Vivre chez soi quand on est vieux et dépendant

90% des nonagénaires et la moitié des 6000 centenaires français vivent toujours à leur domicile mais ils encourent des risques importants de chute, faute d’adaptation de leur logement. Plus de 6 000 personnes âgées décèdent chaque année des suites d’une chute à leur domicile. Selon le groupe Ciliopée qui est à l’origine du plan « vivre chez soi » dessiné en 2010, il est pourtant possible d’effectuer les adaptations les plus courantes pour un coût d’environ 3200 euros.

Benoît Apparu, ministre du logement, évalue lui à 30% les plus de 65 ans qui habitent dans des logements non adaptés à leur situation de vie. Face au défi du vieillissement et de la perte d’autonomie, la politique de maintien à domicile se déploie mais certaines mesures ne sont pas de bon aloi. Ainsi en est-il des déductions fiscales pour les aides à domicile dont ne profitent pas les personnes âgées non imposables dépendantes d’aides extérieures.

Services à domicile : pour les gens aisés, pas pour les gens âgés

Si depuis 1991, les ménages peuvent déduire de leurs impôts la moitié des dépenses consacrées aux services à domicile, cette mesure laissait à l’écart les personnes âgées non imposables. Les 10 % de ménages les plus aisés profiteront alors à plein de cette aubaine. Alors, à partir de 2008, la mesure a été transformée en crédit d’impôt afin de l’étendre aux foyers qui ne paient l’impôt sur le revenu. En effet, la moitié des sommes dépensées sera reversée aux ménages employeurs, qu’ils s’acquittent de l’impôt sur le revenu ou non. Seulement voilà, l’INSEE fait observer que « cet avantage ne concerne que les ménages actifs, c’est-à-dire dont le ou les membres adultes sont en emploi, ou demandeurs d’emploi depuis au moins trois mois. Les retraités ne pourront pas bénéficier de cette mesure d’extension alors même qu’ils représentent près de 80 % des ménages utilisateurs non imposables. » (rapport pdf sur le site de l’Insee, page 158) Pour en bénéficier, il faut que tous les adultes du foyer soient actifs ! Cette aberration est contreproductive et nuit à la politique de maintien à domicile des personnes âgées.

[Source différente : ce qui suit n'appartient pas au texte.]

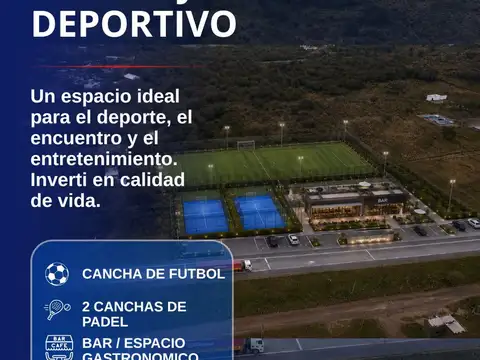 VENTA - 2,7 HECTÁREA RN9 TERMAS DE RÍO HONDO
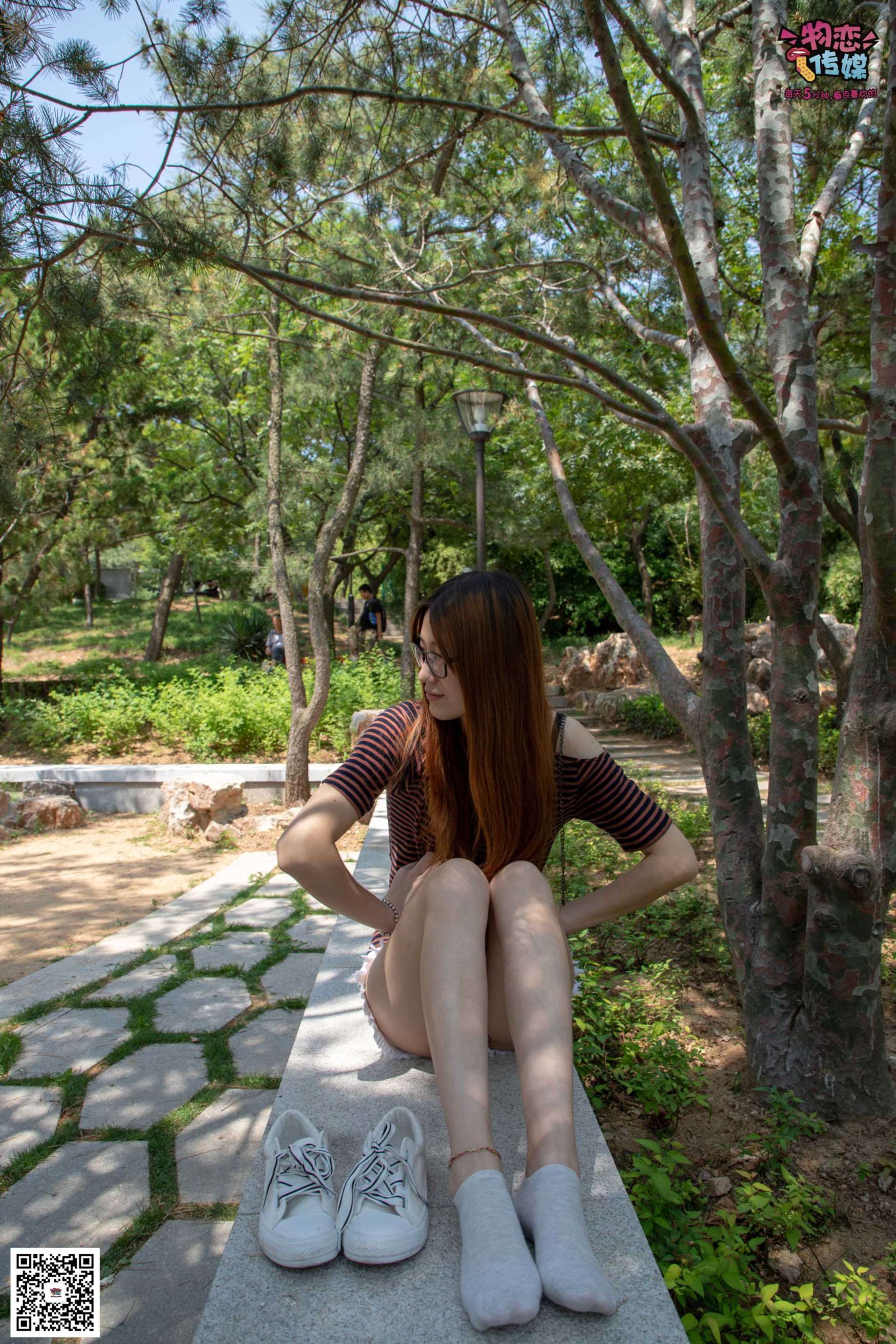 物恋传媒 No.023 腿长即正义！清纯长腿小姐姐帆布鞋配短棉袜  [235P+1V2.68GB]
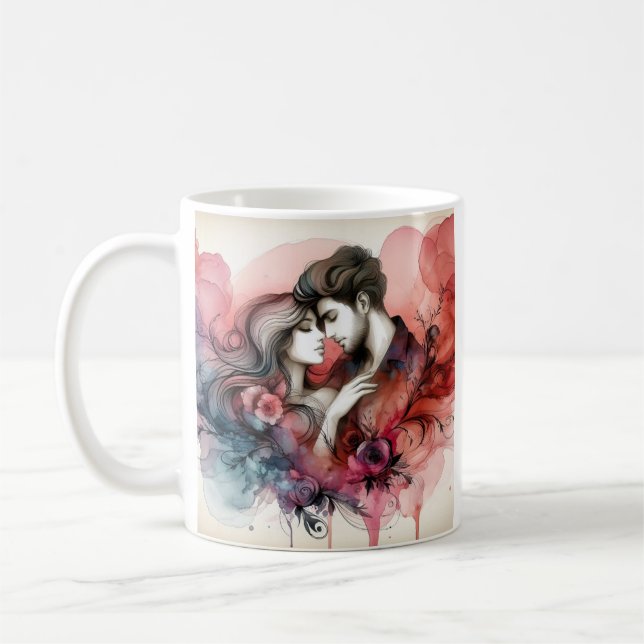 Valentine-Tasse Kaffeetasse (Links)
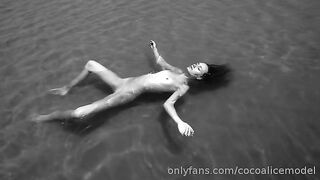 Cocoalicemodel (Coco Alice) OnlyFans Leaks Australian Blonde 19 yo nudist  124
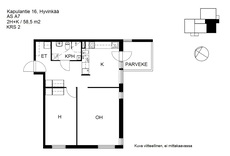 Kapulantie 16, Paavola, Hyvinkää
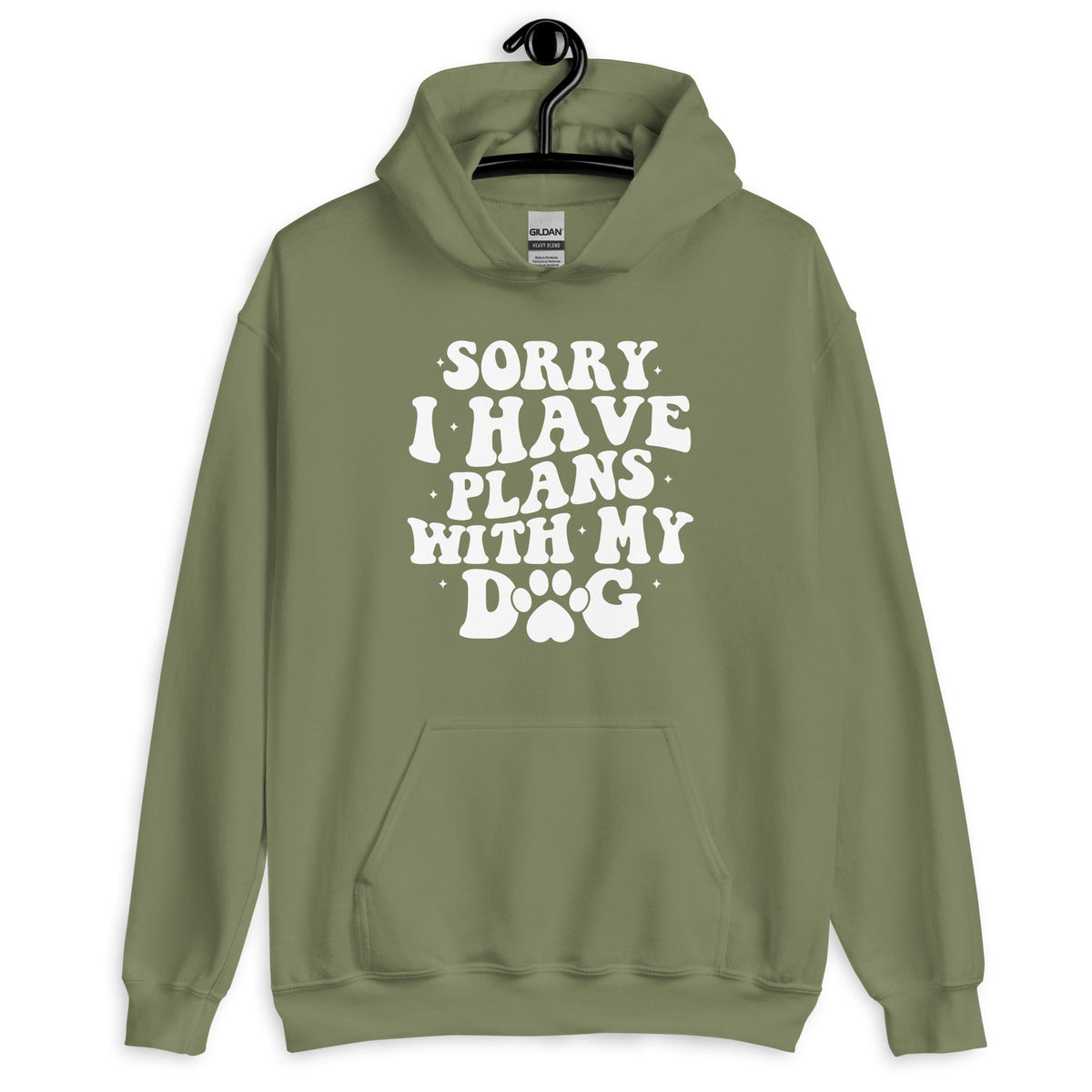 Exclusive : Sorry I Have Plans with My Dog Hoodie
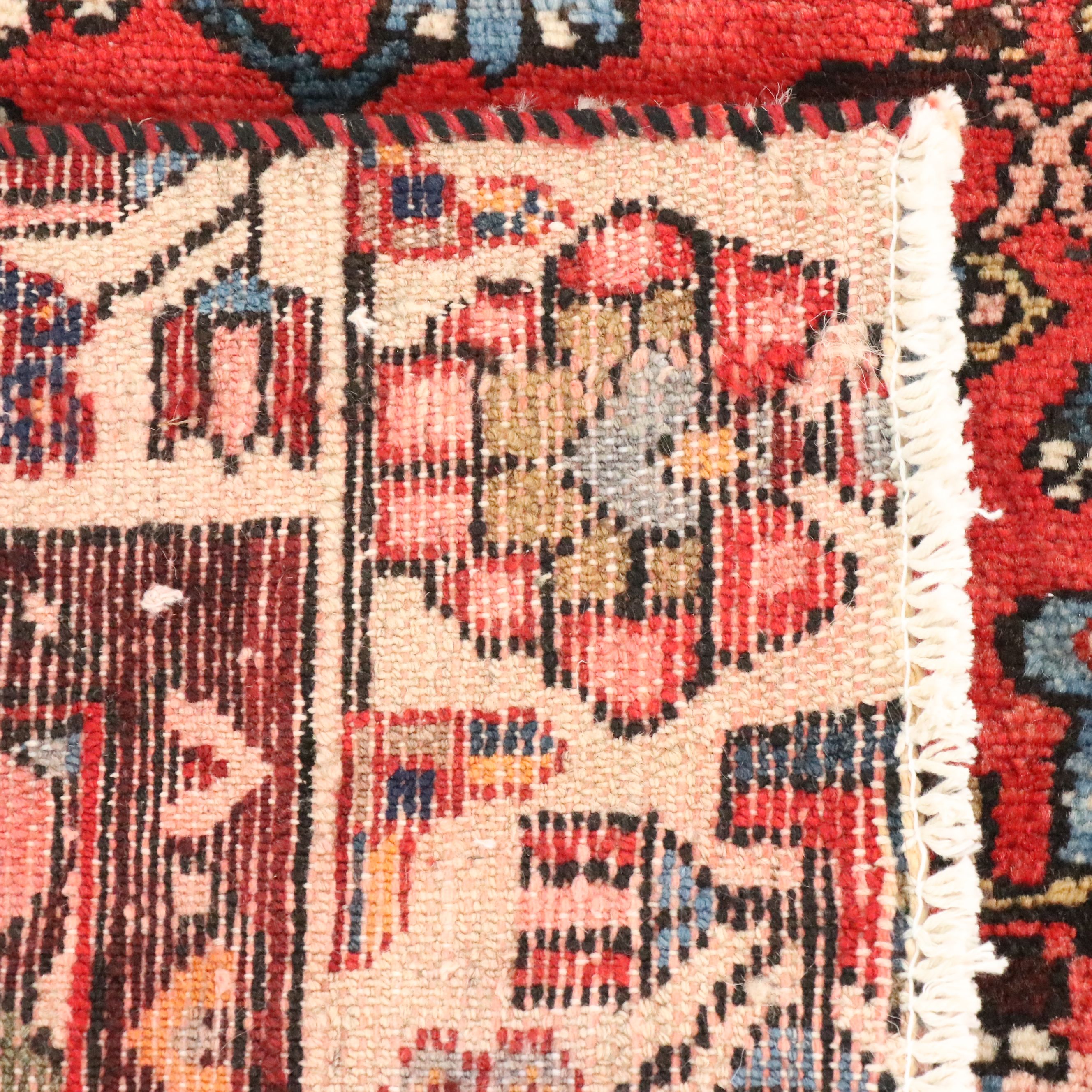 3'1 x 8'10 Hand-Knotted Persian Hamadan Long Rug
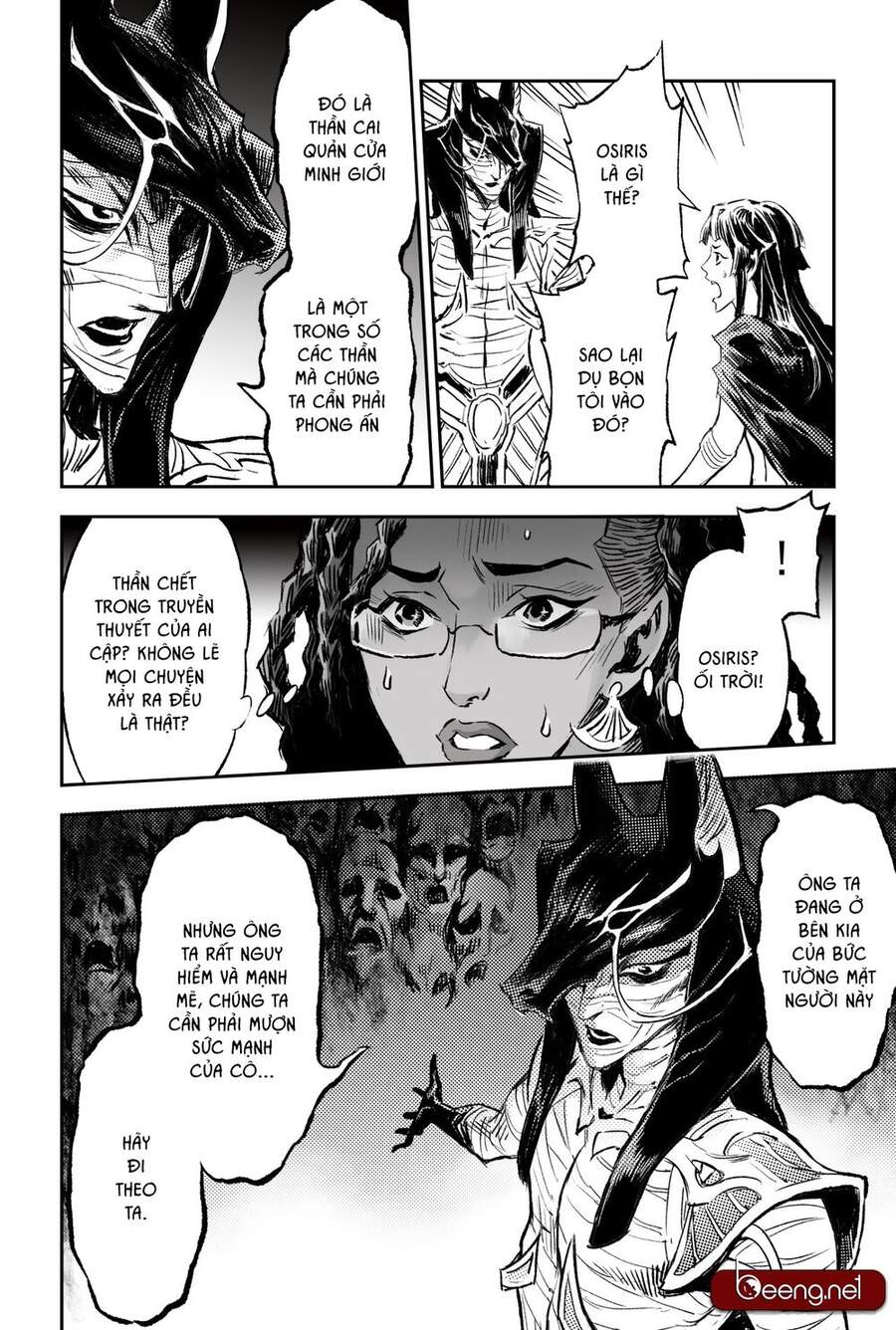 Huyền Hạo Chiến Ký Chap 212 - Next Chap 213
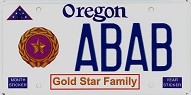 Ex-POW License Plate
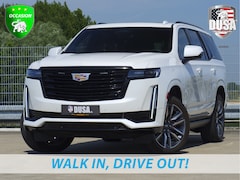 Cadillac Escalade - 6.2 V8 | Sport | Luchtvering / Panoramadak / 7 Seats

La réforme du maintien à domicile suspendue

Les choses paraissent suspendues. Pourtant, en 2010, Nora Berra, alors secrétaire d’État chargée des Aînés, avait présenté les 18 propositions des six groupes de travail de la mission « Vivre chez soi ». Ce programme visait l’amélioration du cadre de vie des personnes âgées et comportait 8 mesures, faciliter l’accès aux technologies et aux services facilitant le maintien à domicile, en encourageant le développement d’une offre adaptée, modernisation des services à la personne. Tout semble bloqué en attendant l’annonce par le chef de l’Etat du démarrage de la réforme sur la dépendance. Annonce qui ne viendra sans doute pas avant l’élection présidentielle de 2012.

En attendant, Roselyne Bachelot a plus ou moins calmé les départements et associations en lâchant 50 millions pour l’aide à domicile pour 2012. Ce qui est d’ores et déjà jugé insuffisant.

La question de l’habitat dans les débats sur la dépendance

Les débats sur cette question avaient pourtant bien commencé. Et puis, l’Etat a laissé tomber la réforme de la dépendance. Reportée aux calendes grecques… Tant pis pour les familles ! Tant pis pour les asociations du secteur dont certaines sont en grandes difficultés voire en liquidation judiciaire (comme dans le Finistère) !

Quelles étaient les pistes dessinées ? Les groupes de réflexion sur la dépendance prônaient « l’obligation pour les communes et les intercommunalités de prendre en compte le vieillissement dans les documents locaux d’urbanisme » et le nécessaire développement d’habitats adaptés ou adaptables à la perte d’autonomie. Ainsi que l’accès à « une large gamme de modes de vie à domicile », par le développement de « formules intermédiaires » entre tout-domicile et établissement. Les députés et les experts en étaient au stade du brouillon et s’opposaient sur les solutions mais un consensus était trouvé sur les viagers HLM, qui auraient permis aux organismes d’acquérir des logements (dont une partie proche des centres-villes) et de les récupérer au décès des occupants, après que ceux-ci auront bénéficié de leur vivant de travaux de réaménagement financés par les bailleurs publics, ainsi que d’un complément de revenu liée à la vente en viager. La proposition est soumise au gouvernement par Muriel Boulmier en juin 2010. Depuis, rien.

Tout cela n’a plus cours. Aujourd’hui, la seule obsession de l’UMP est de rassurer les marchés, d’éviter la perte du « triple A » et le krach bancaire. Les vieux attendront.